Closed arvisioncode closed 1 year ago
Can you run pip uninstall transformers && pip install transformers
? This fix https://github.com/huggingface/transformers/pull/23932 and thus transformers>=4.30 is required for pix2struct export.
I did it and this is the output now:
NotImplementedError: ONNX Runtime doesn't support the graph optimization of pix2struct yet. Only ['albert', 'bart', 'bert', 'big_bird', 'blenderbot', 'bloom', 'camembert', 'codegen', 'deberta', 'deberta-v2', 'distilbert', 'electra', 'gpt2', 'gpt_neo', 'gpt_neox', 'gptj', 'longt5', 'llama', 'marian', 'mbart', 'mt5', 'm2m_100', 'nystromformer', 'pegasus', 'roberta', 't5', 'whisper', 'xlm-roberta'] are supported. If you want to support pix2struct please propose a PR or open up an issue in ONNX Runtime:https://github.com/microsoft/onnxruntime.

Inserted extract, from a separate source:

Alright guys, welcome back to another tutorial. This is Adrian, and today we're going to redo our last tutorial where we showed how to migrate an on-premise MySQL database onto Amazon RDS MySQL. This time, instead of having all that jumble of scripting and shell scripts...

Maybe my optimum installation is not taking the last changes? But I think that these commands install from the master branch
!python -m pip install git+https://github.com/huggingface/optimum.git#egg=optimum[onnxruntime]
or
!python -m pip install git+https://github.com/huggingface/optimum.git#egg=optimum[exporters,onnxruntime]
If you remove --optimize O2
it should work!
thank you!! it is working now yes!! :)
just another question... do you have an example for the inference of the model?

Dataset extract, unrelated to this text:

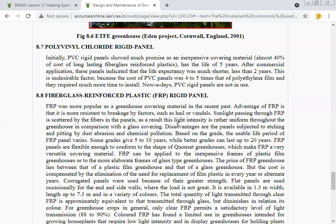FRP panels are flexible enough to conform to the shape of curved greenhouse structures, making FRP a very versatile covering material. It can be applied to inexpensive frames of plastic film greenhouses or the more elaborate frames of glass-type greenhouses. The price of FRP greenhouses lies between plastic film and glass greenhouses, but cost is compensated by eliminating the need to replace plastic film every year or alternate year. Corrugated panels are used for their greater strength, while flat panels are used for end and side walls where the load is not great.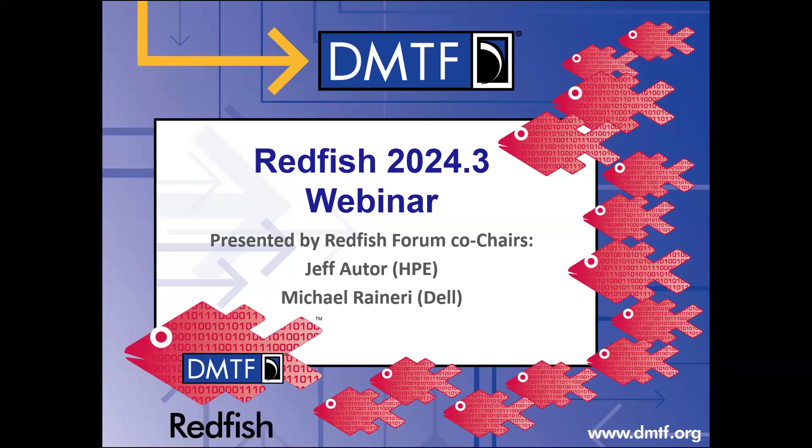Hello, everyone. Welcome to the Redfish 2024.3 release webinar. My name is Jeff Otter with Hewlett-Packard Enterprise, and I'm one of the co-chairs of the DMTF Redfish Forum.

I see the code of the example:
from optimum.onnxruntime import ORTModelForQuestionAnswering
from transformers import AutoTokenizer, pipeline
model_id = "deepset/roberta-base-squad2"
tokenizer = AutoTokenizer.from_pretrained(model_id)
# model = AutoModelForQuestionAnswering.from_pretrained(model_id)

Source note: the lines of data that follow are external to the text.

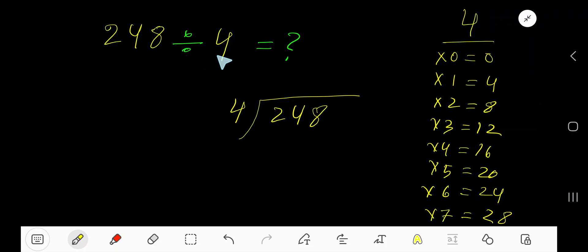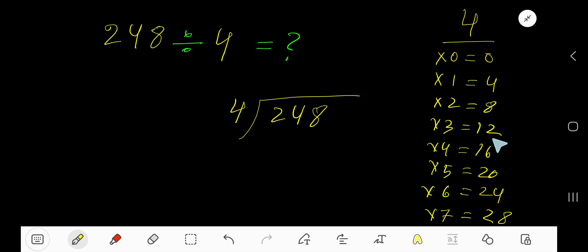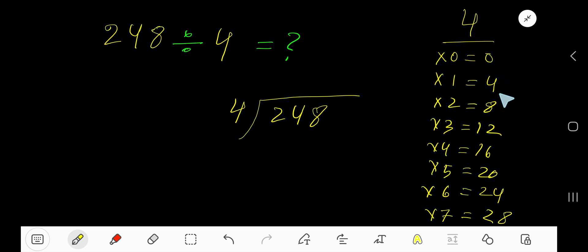248 divided by 4 equals what? 4 is the divisor, so we need the multiplication table of 4: 4 times 0 is 0, 4 times 1 is 4, 4 times 2 is 8, 4 times 3 is 12, 4 times 4 is 16, 4 times 5 is 20. To find the multiplication table of 4, just add 4 to the previous step: 0 plus 4 is 4, 4 plus 4 is 8, 8 plus 4 is 12, 12 plus 4 is 16.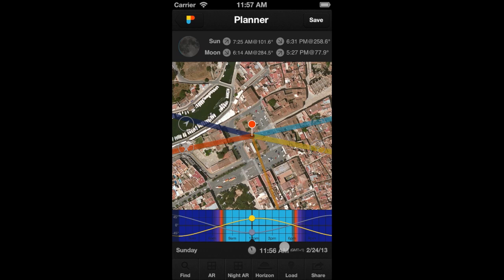When there is no network coverage, the time zone appears in red. In this case, if you move the Observer's Pin to a different time zone, you must set it manually.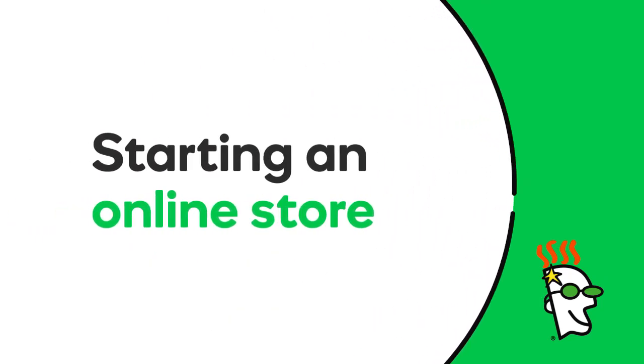Thinking about jumping into the e-commerce pool? This video offers information and insights to help you set up an online store that will help drive traffic and boost sales.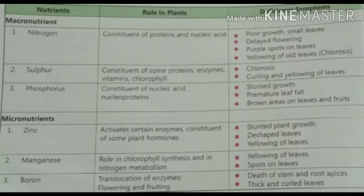This comes to the end of the chapter on macro and micronutrients needed by plants. You will now have a worksheet to solve and later more exercises to do in your biology notebook. Have a good day.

model = ORTModelForQuestionAnswering.from_pretrained("roberta_base_qa_onnx")
qa_pipe = pipeline("question-answering", model=model, tokenizer=tokenizer)
question = "What's Optimum?"
context = "Optimum is an awesome library everyone should use!"
results = qa_pipe(question=question, context=context)
But as the pix2struct tasks are:['image-to-text', 'image-to-text-with-past', 'visual-question-answering', 'visual-question-answering-with-past']
I think that the model should be load with something like: from optimum.onnxruntime import ORTModelForVisualQuestionAnswering
, but I didn't find the correct configuration yet.
And if I try to load with model = ORTModelForQuestionAnswering.from_pretrained("pix2struct-docvqa-base_onnx")
, it gives me the next output: RuntimeError: Too many ONNX model files were found in pix2struct-docvqa-base_onnx, specify which one to load by using the file_name argument.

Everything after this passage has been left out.